Une connaissance vaste et rigoureuse de ce thème contribuerait sans aucun doute à des interventions publiques plus efficaces en matière de santé de la reproduction, pour laquelle la grande majorité des pays de la région présente encore de graves retards. En attendant, le manque d’information sur des aspects comme le comportement reproductif de l’homme se reflète dans différents domaines. On peut par exemple observer que les campagnes et les interventions pour promouvoir l’utilisation de contraceptifs continuent à être principalement dirigées envers les femmes, sans que soit prise en compte l’importance de la négociation avec le partenaire pour décider de l’utilisation ou non de ces méthodes, ou le fait que dans de nombreux cas ce soit le partenaire de la femme qui impose son point de vue. Face à cette situation, le chercheur Hernando Salcedo (1999 cité p. 6 dans GIRE, 2001) souligne la nécessité « de politiques de contraception qui comprennent les représentations et les pratiques masculines, pour inclure le potentiel des hommes dans les différentes formes de contraception et modifier les attitudes des femmes qui n’acceptent pas les apports masculins en la matière »” (p. 6). Dans ce sens, comme le signale Guevara Villaseñor (2000), il faut « introduire les hommes dans les programmes de santé sexuelle et reproductive, surtout si l’on reconnaît l’existence de ‘liens qui facilitent certaines pratiques de coresponsabilité et d’autres qui justifient le fait de déléguer aux femmes les coûts et les obligations dans la prévention des grossesses et dans l’avortement » (cité p. 6 dans GIRE, 2001).

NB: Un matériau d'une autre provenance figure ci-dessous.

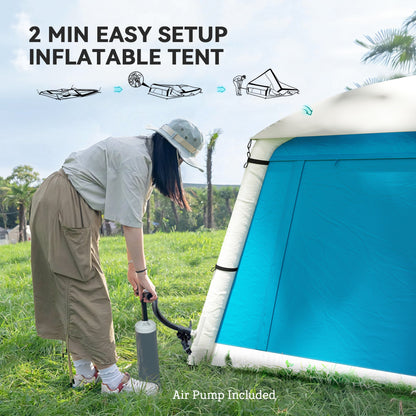 Outsunny Inflatable Camping Tent w/ Hand Pump, Easy Setup 1/2 Person Blow Up Tent Waterproof 190T Taffeta w/ Mesh Windows, Doors and Carry Bag, Light Blue 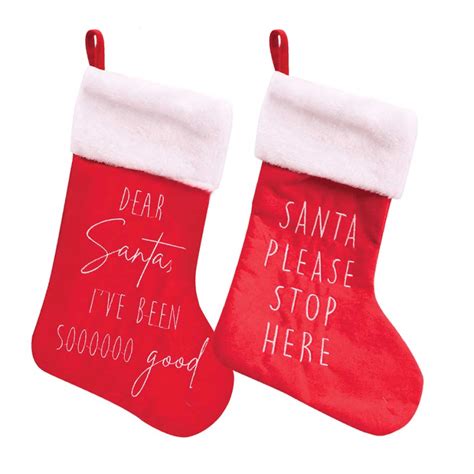 Red Text Embroidered Plush Stocking Carlys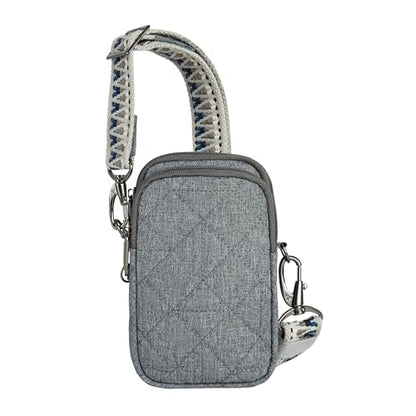 Travelon Anti-Theft Boho 2 Compartment Phone Crossbody - color: Gray Heather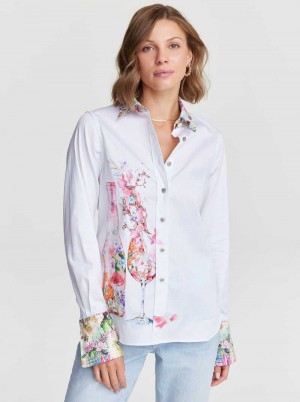 Robert Graham Rosé Bouquet Shirt Bianche | 731UJXNVY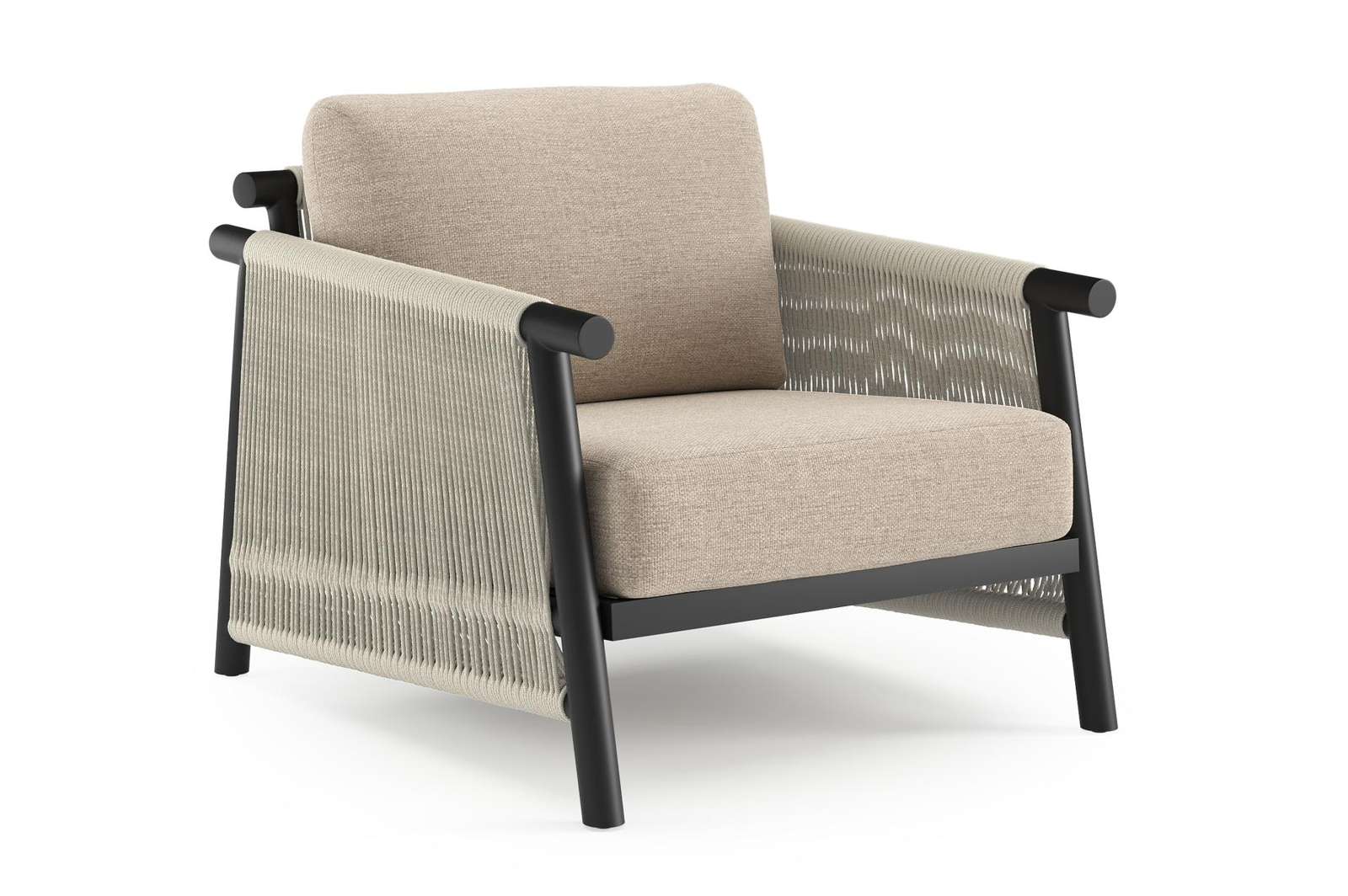 Erla loungestoel in zwart aluminium en beige verticaal geweven ronde rope met rustic weather+ softtouch kussen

L’importance du rôle des hommes dans des phénomènes liés à la reproduction, comme l’avortement, est chaque jour plus reconnue en Amérique Latine et dans la Caraïbe. Mais la recherche sur cette question doit encore être beaucoup plus encouragée. Une meilleure compréhension du sujet pourrait contribuer, entre autres choses, à mettre en oeuvre des politiques publiques pour réduire de façon significative le coût que l’avortement représente encore pour de nombreuses femmes latino-américaines, de par sa pratique dans des conditions le plus souvent à risque.